→ MATERIAL PROVIDED:
'''

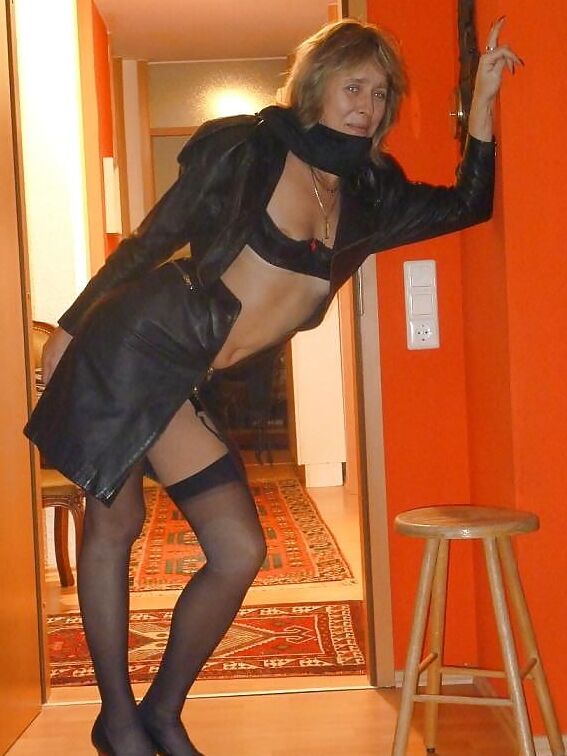 Hot German MILF Candy - Bitch in Leather and Boots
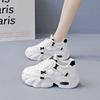 ins Han platform dad shoes 2025 autumn new street shot student running sneakers heightening casual YB-2809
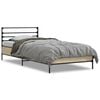 vidaXL Sengeramme sonoma eik 90x200 cm konstruert tre og metall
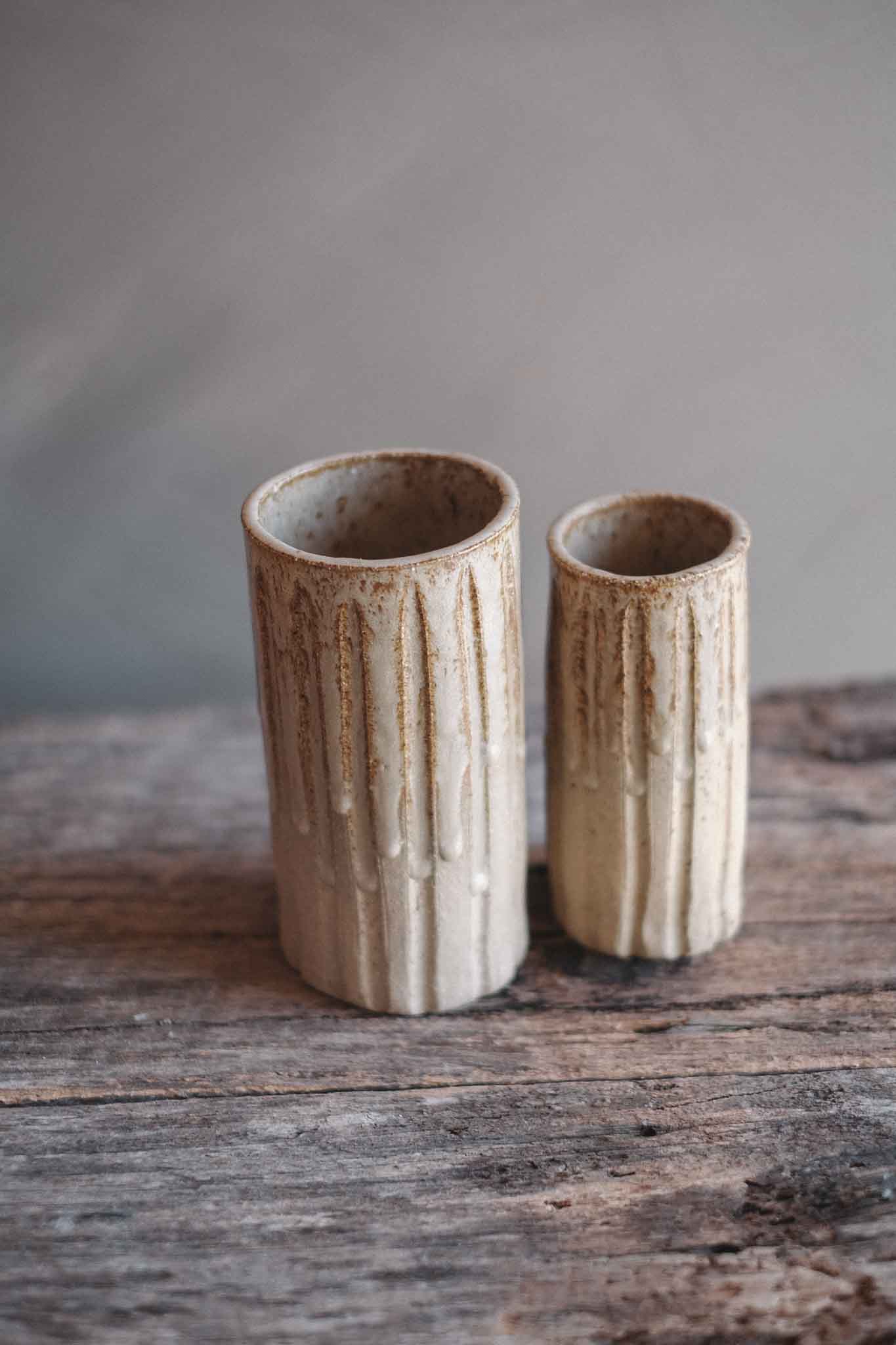 Carved Wabi-Sabi Vase | Medium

'''

→ WORK ITEM: Skip every picture and retype only the lines from the line with "ins Han platform" through the last line of the listing, both ends included, exactly as they appear.

→ FINAL ANSWER:
 ins Han platform dad shoes 2025 autumn new street shot student running sneakers heightening casual YB-2809
 vidaXL Sengeramme sonoma eik 90x200 cm konstruert tre og metall
 Carved Wabi-Sabi Vase | Medium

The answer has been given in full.